The FAA emphasises that it is happy with the amateur-built programme, which requires buyers to perform the "major portion" (usually interpreted as 51%) of the work required to complete the aircraft to qualify for experimental-category approval. Proof is required, in the form of a logbook, with photographs, detailing the assembly process.

The entry into the market of more-sophisticated kitplanes, which appeal to a broader audience but are beyond the capabilities of many first-time builders, has led to the emergence of builder-assist shops. The FAA says that most of these legitimately provide hangar space, tooling and tuition to kit builders, but some have been completing the aircraft.

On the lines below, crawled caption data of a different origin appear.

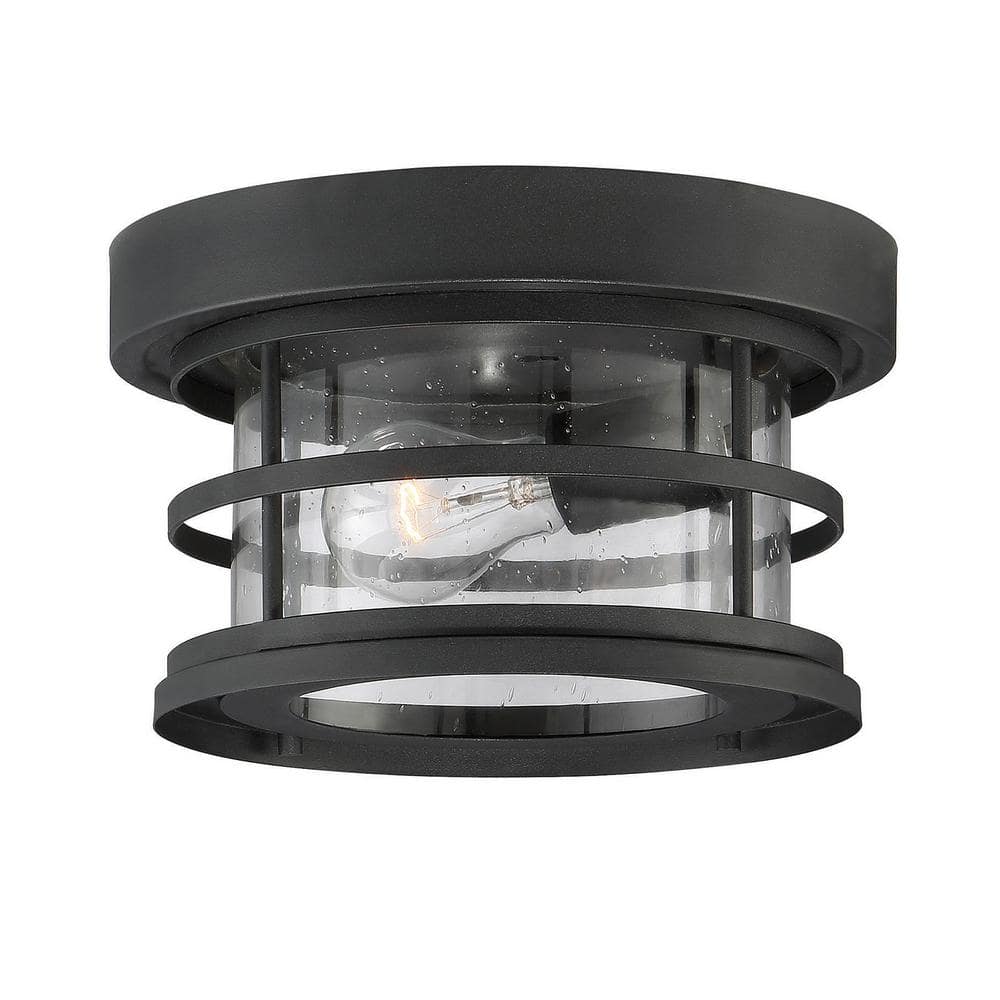 Barrett 10 in. W x 6 in. H 1-Light Black Outdoor Flush Mount with Clear Seeded Glass price history on PriceWatchPro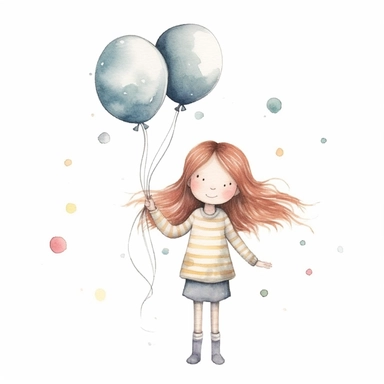 cute Scandinavian whimsical girl with one balloon, pencil and watercolor clipart style, super high quality, high resolution, pastel colors, isolated white background, 8k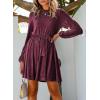 imageHappy Sailed Womens Velvet Dress Fall Fashion Lantern Sleeve High Waist ALine Skater Cocktail Party Dresses with BeltRed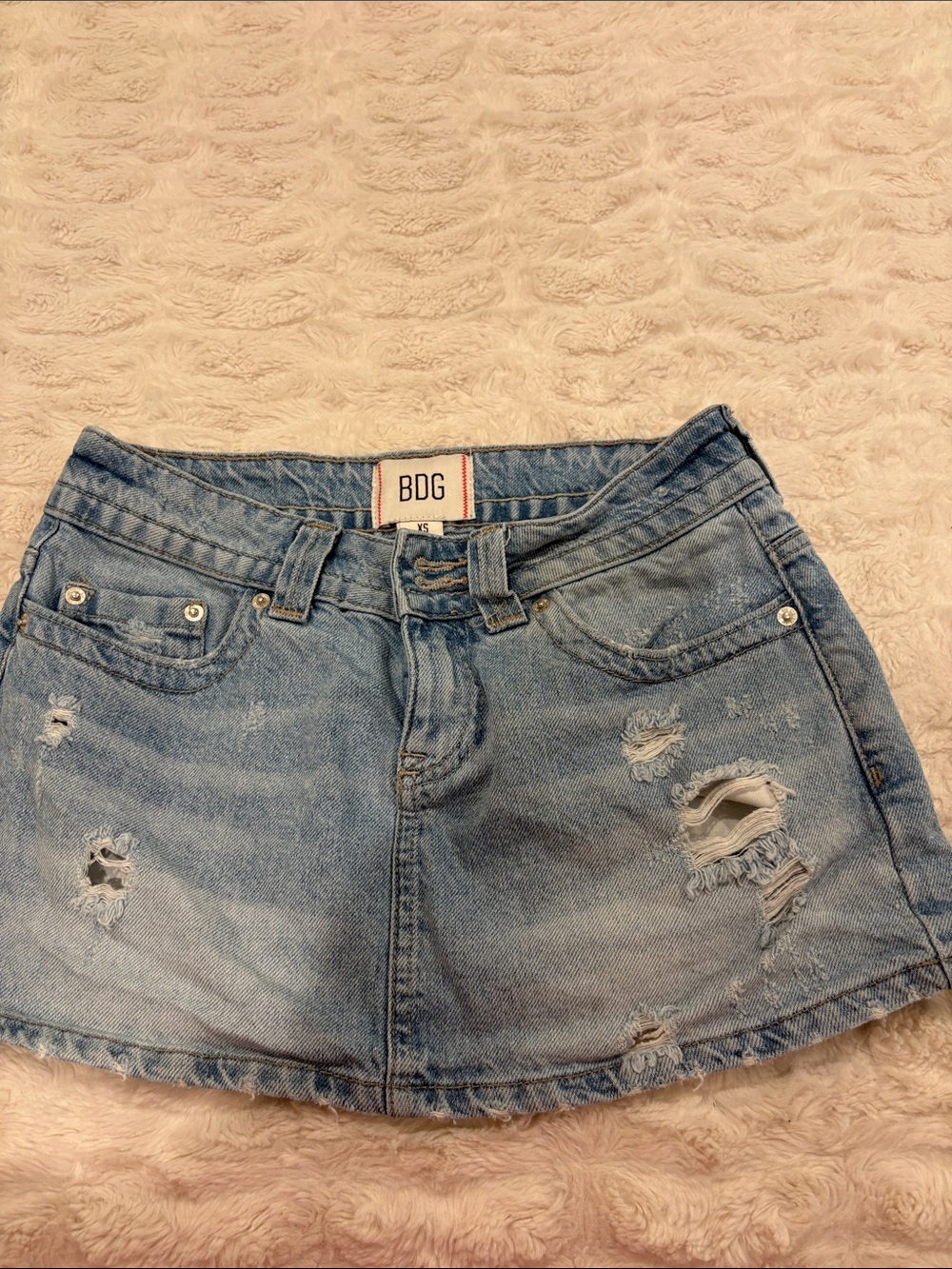 BDG Light Blue Distressed Denim Mini Skirt
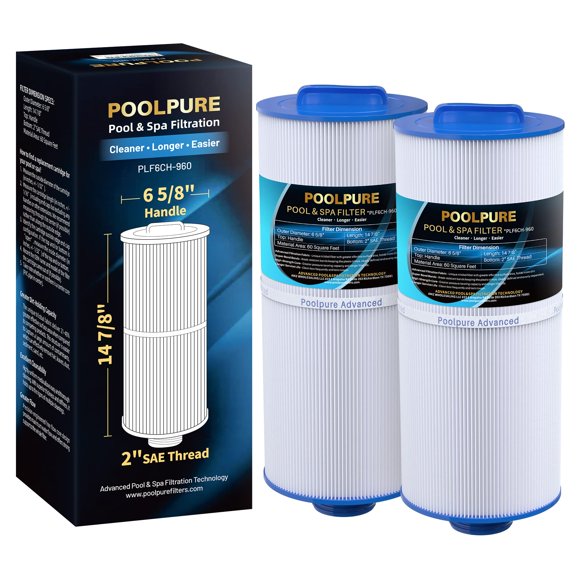 Filtro de spa POOLPURE PLF6CH-960 que reemplaza al PJW60TL-F2S, paquete de 2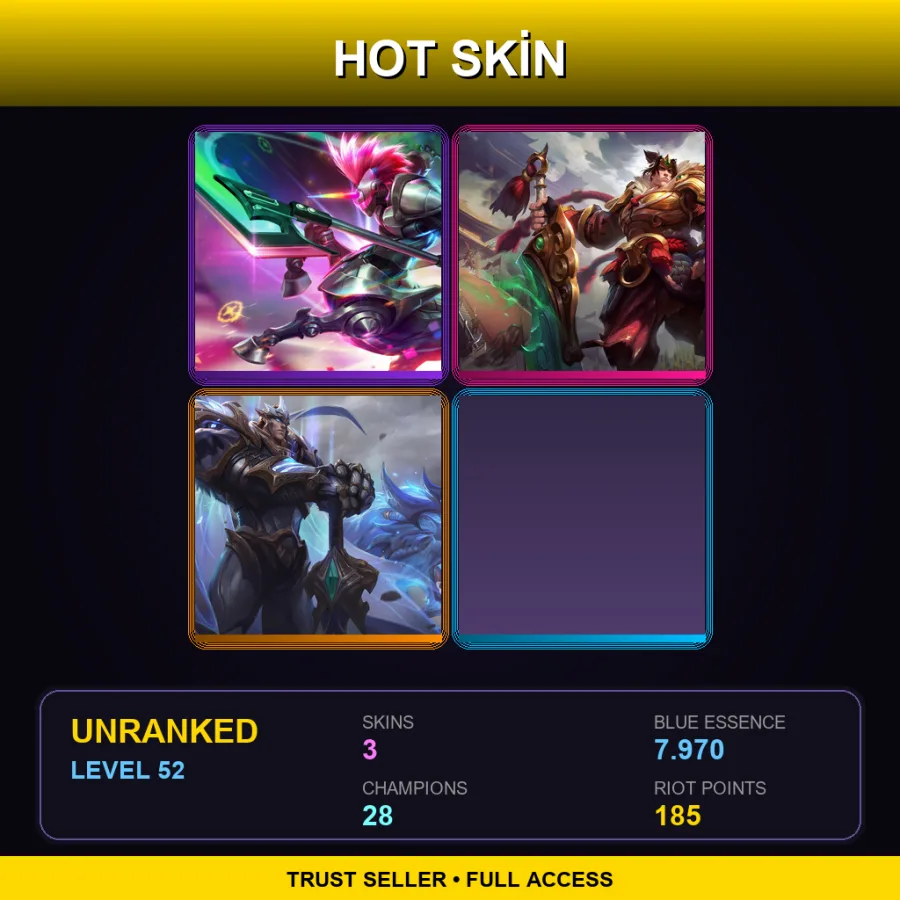 EUW | Lv52 | Unranked | 3 Skin | 28 Champ — LoL account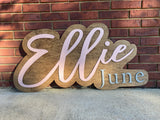 Large 3D Offset Wood Name Sign, Nursery Name Sign, Boho Nursery Sign, Above Crib Cut Out, Layered Nursery Sign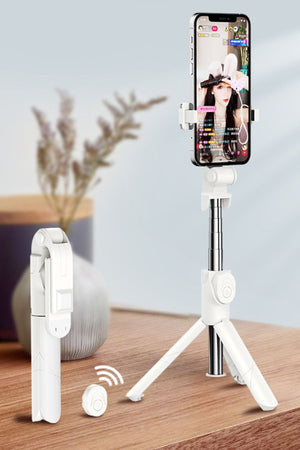Bitonto Tripod Bluetooth Kumandalı Selfie Çubuğu Beyaz
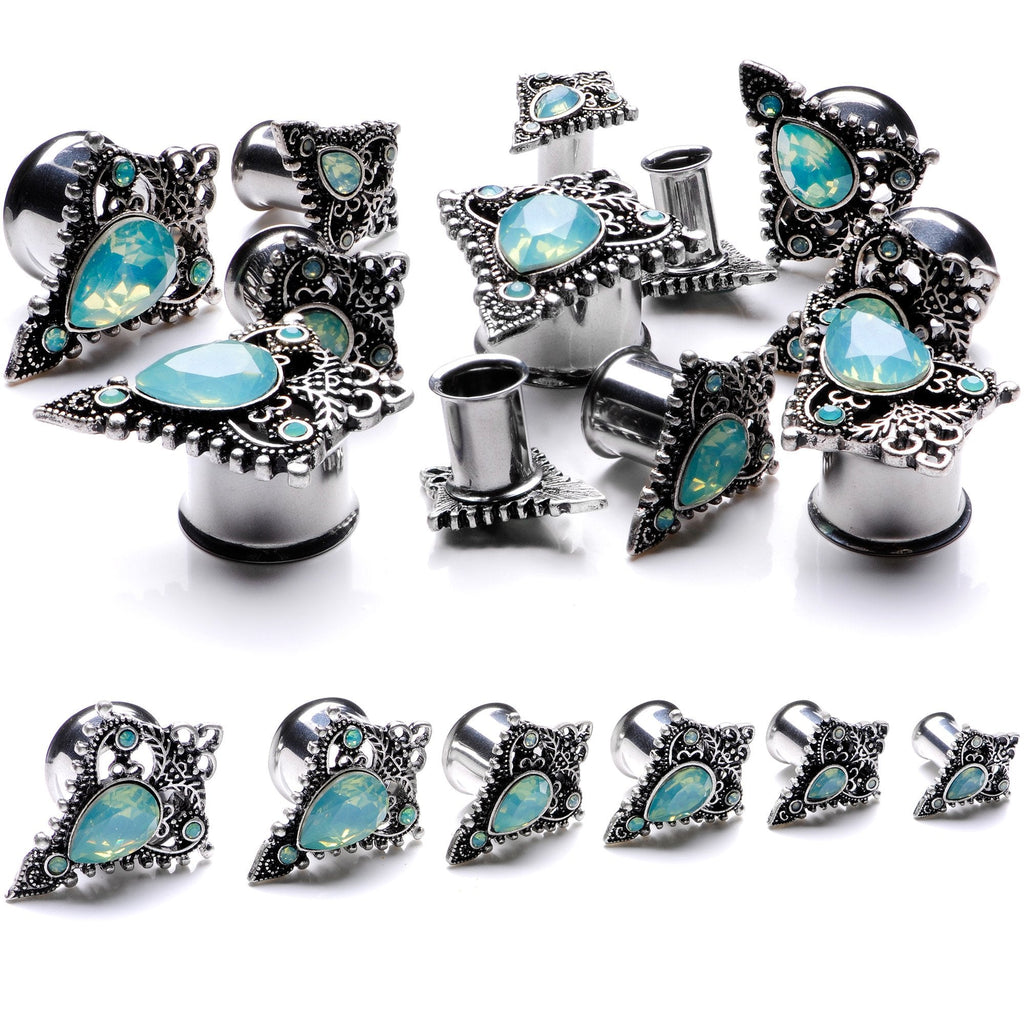 Green Gem Fleur De Lis Double Flare Plug Set Sizes 6mm to 16mm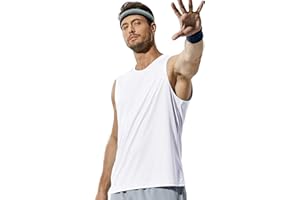 Haimont Men's Workout Tank Top Dry Fit UPF 50 Sleeveless Muscle Tee Shirts for Swim, Running, Hiking, Beach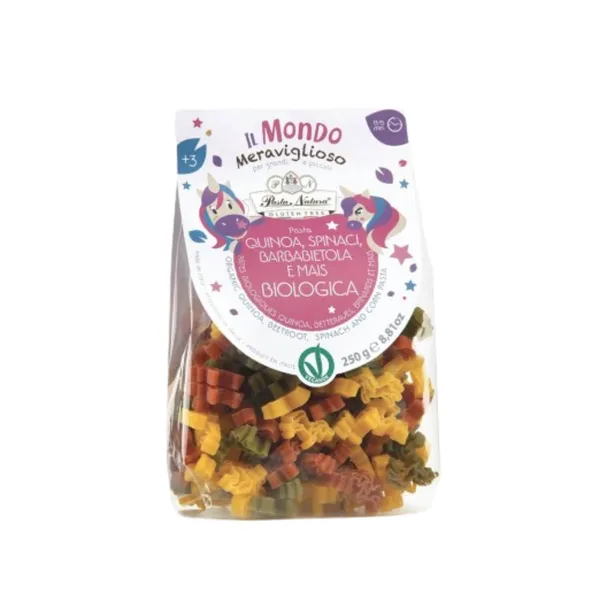 Ekologiški UNICORN kukurūzų makaronai su bolivine balanda, burokėliais ir špinatais PASTA NATURA, 250 g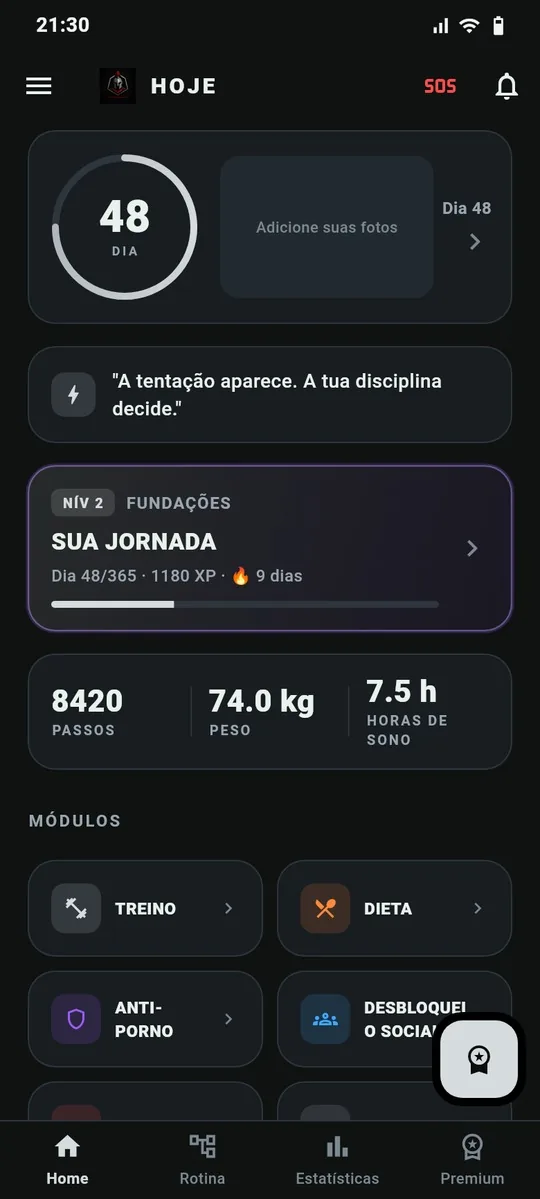 Tela principal do aplicativo Mentalità Blindata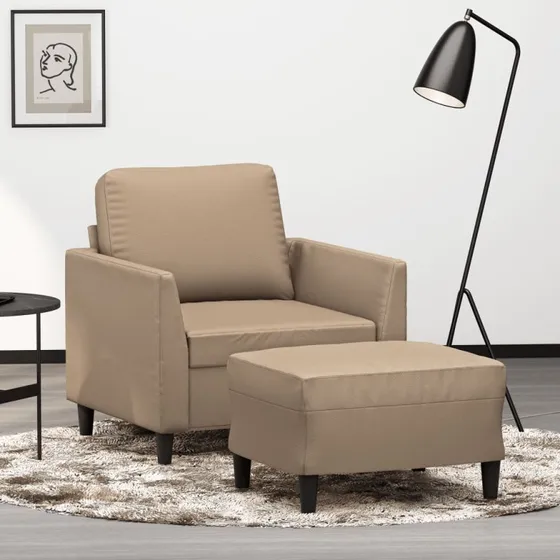 Sofastol med fodskammel 60 cm - Kunstlæder Cappuccino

Mike Gallagher, manager of the FAA's production and airworthiness division, says that the agency wants to prevent kit buyers being misled into believing that they can gain FAA approval for an aircraft which has been completed professionally. The FAA also wants to stamp out the practice of applicants seeking amateur-built approval with faked logbooks.

Guidelines to be available early in 1995 will provide FAA regional offices responsible for approving amateur-built aircraft with clearer guidance, Gallagher says.